*** Recorded data ***
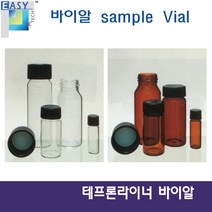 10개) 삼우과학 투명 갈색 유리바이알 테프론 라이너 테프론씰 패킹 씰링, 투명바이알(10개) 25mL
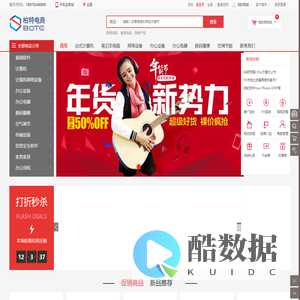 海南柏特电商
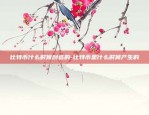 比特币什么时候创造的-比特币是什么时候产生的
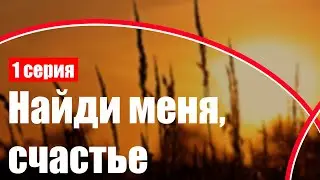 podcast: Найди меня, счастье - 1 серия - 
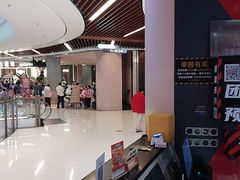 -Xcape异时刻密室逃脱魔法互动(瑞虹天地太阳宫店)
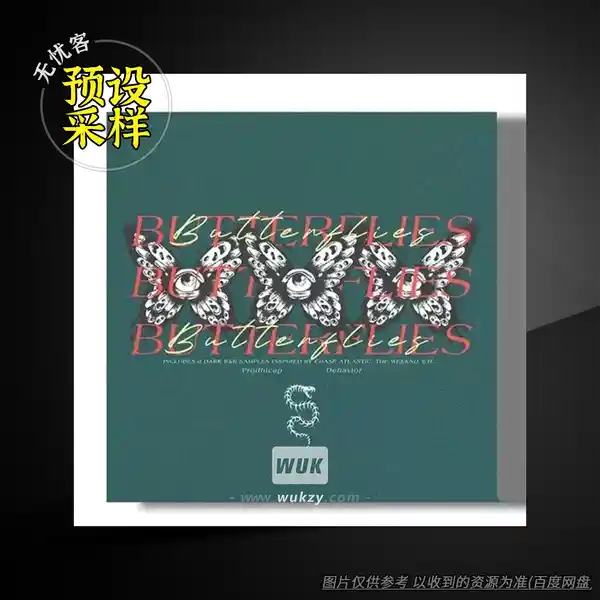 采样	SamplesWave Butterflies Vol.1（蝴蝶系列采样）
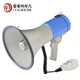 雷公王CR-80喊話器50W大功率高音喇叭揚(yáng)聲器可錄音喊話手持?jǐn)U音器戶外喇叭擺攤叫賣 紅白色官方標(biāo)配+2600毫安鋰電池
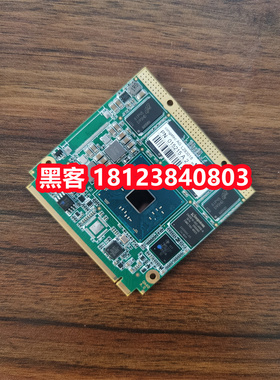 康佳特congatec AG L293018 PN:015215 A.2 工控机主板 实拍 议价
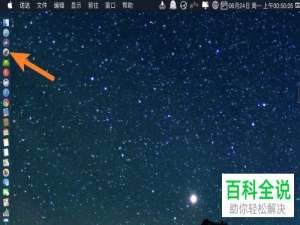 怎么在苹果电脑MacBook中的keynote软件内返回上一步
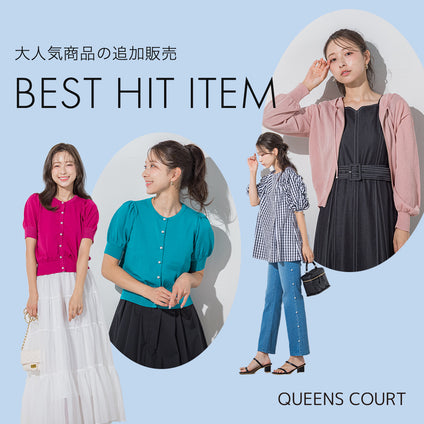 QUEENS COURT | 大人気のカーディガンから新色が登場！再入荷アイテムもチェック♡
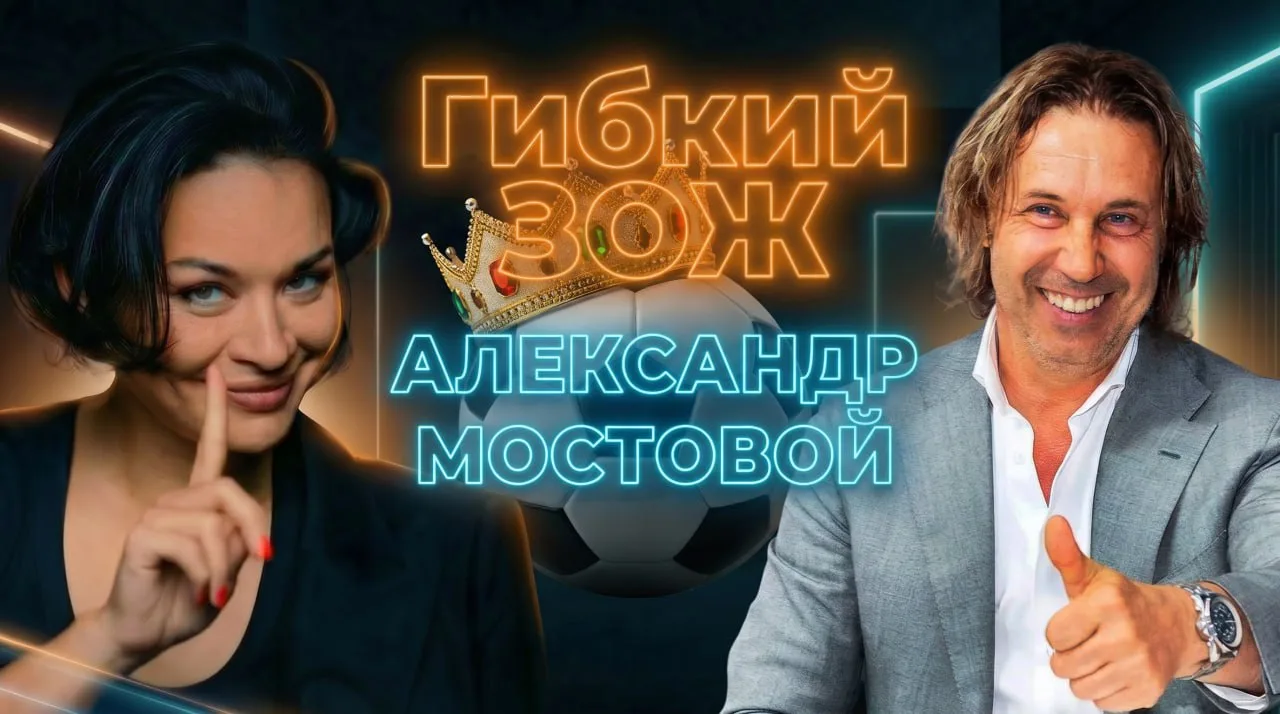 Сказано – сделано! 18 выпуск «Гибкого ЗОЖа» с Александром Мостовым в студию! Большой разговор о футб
*** End of Recorded data ***
*** Recorded data ***
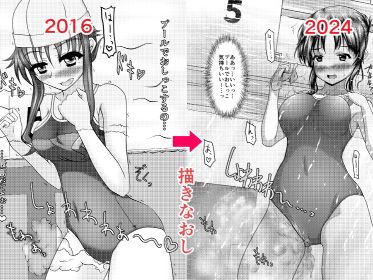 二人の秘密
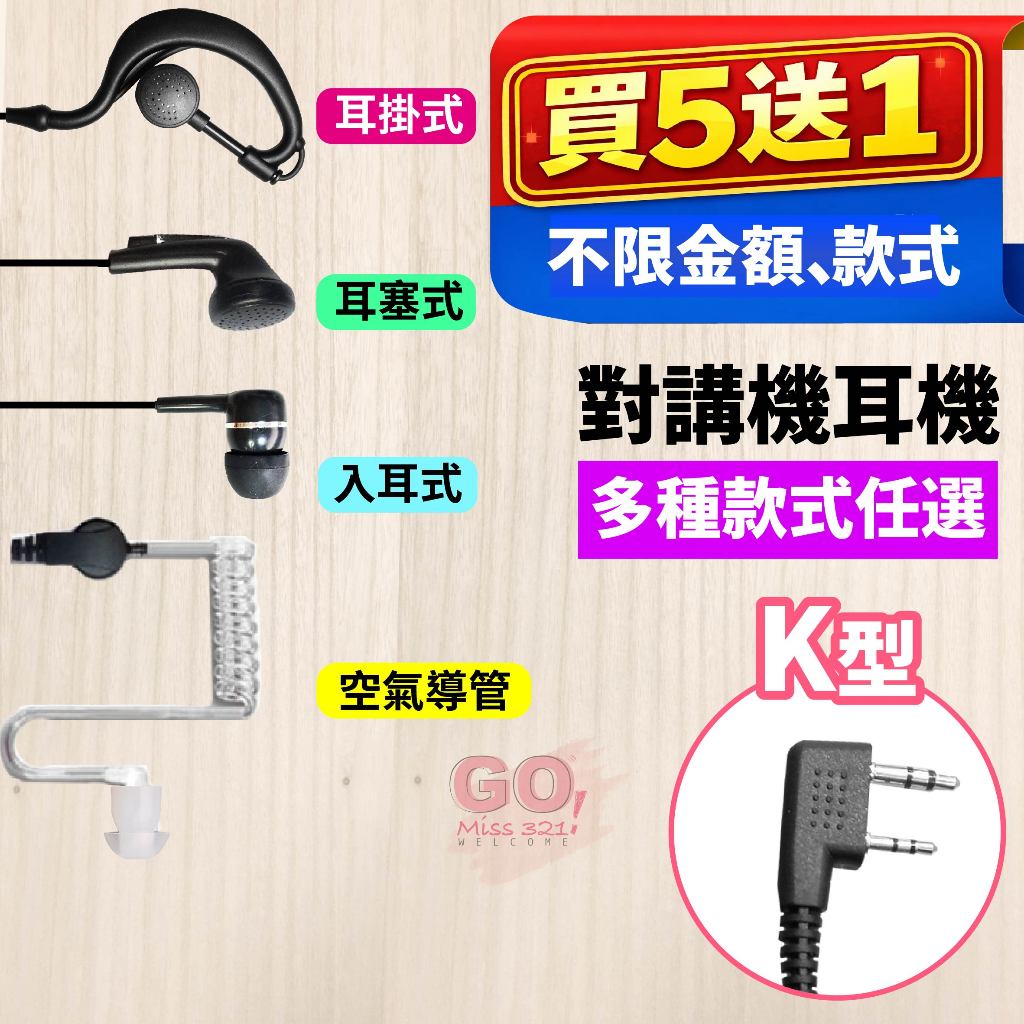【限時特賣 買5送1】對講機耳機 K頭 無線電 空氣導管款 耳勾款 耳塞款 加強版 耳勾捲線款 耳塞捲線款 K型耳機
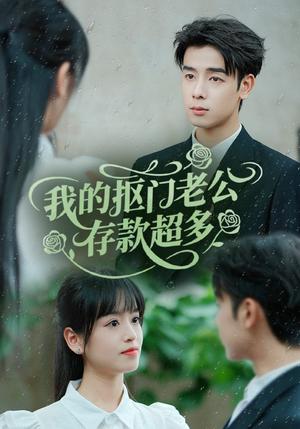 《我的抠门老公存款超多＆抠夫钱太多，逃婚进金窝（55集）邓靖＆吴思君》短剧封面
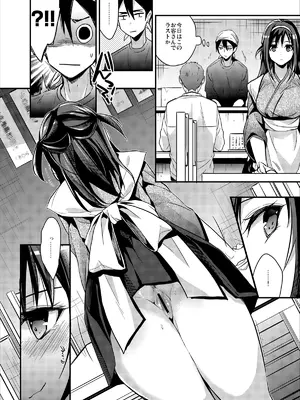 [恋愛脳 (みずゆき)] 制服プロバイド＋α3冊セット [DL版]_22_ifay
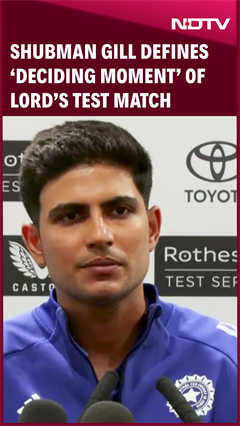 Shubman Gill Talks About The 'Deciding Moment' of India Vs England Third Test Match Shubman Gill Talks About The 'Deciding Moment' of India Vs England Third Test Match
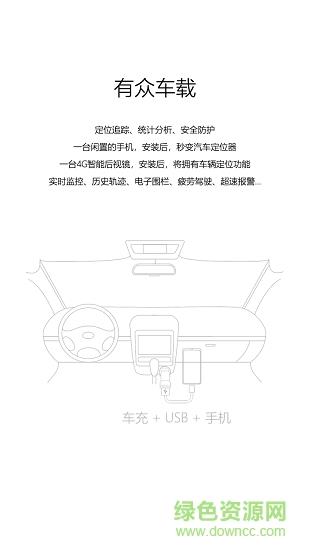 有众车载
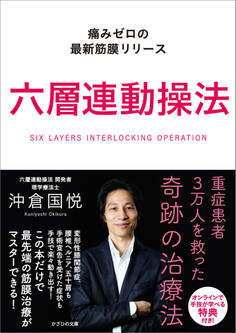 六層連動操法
*** End of Recorded data ***
## What is expected
Leaving pictures out, output the lines of the data above from the one with "10개) 삼우과학 투명" through the one with "Сказано – сделано! 18", word for word.

## Exercise answer
 10개) 삼우과학 투명 갈색 유리바이알 테프론 라이너 테프론씰 패킹 씰링, 투명바이알(10개) 25mL
 海南柏特电商
 比特币什么时候创造的-比特币是什么时候产生的
 podcast: Найди меня, счастье - 1 серия - 
 -Xcape异时刻密室逃脱魔法互动(瑞虹天地太阳宫店)
 采样	SamplesWave Butterflies Vol.1（蝴蝶系列采样）
 雷公王CR-80喊話器50W大功率高音喇叭揚(yáng)聲器可錄音喊話手持?jǐn)U音器戶外喇叭擺攤叫賣 紅白色官方標(biāo)配+2600毫安鋰電池
 康佳特congatec AG L293018 PN:015215 A.2 工控机主板 实拍 议价
 怎么在苹果电脑MacBook中的keynote软件内返回上一步
 QUEENS COURT | 大人気のカーディガンから新色が登場！再入荷アイテムもチェック♡
 Сказано – сделано! 18 выпуск «Гибкого ЗОЖа» с Александром Мостовым в студию! Большой разговор о футб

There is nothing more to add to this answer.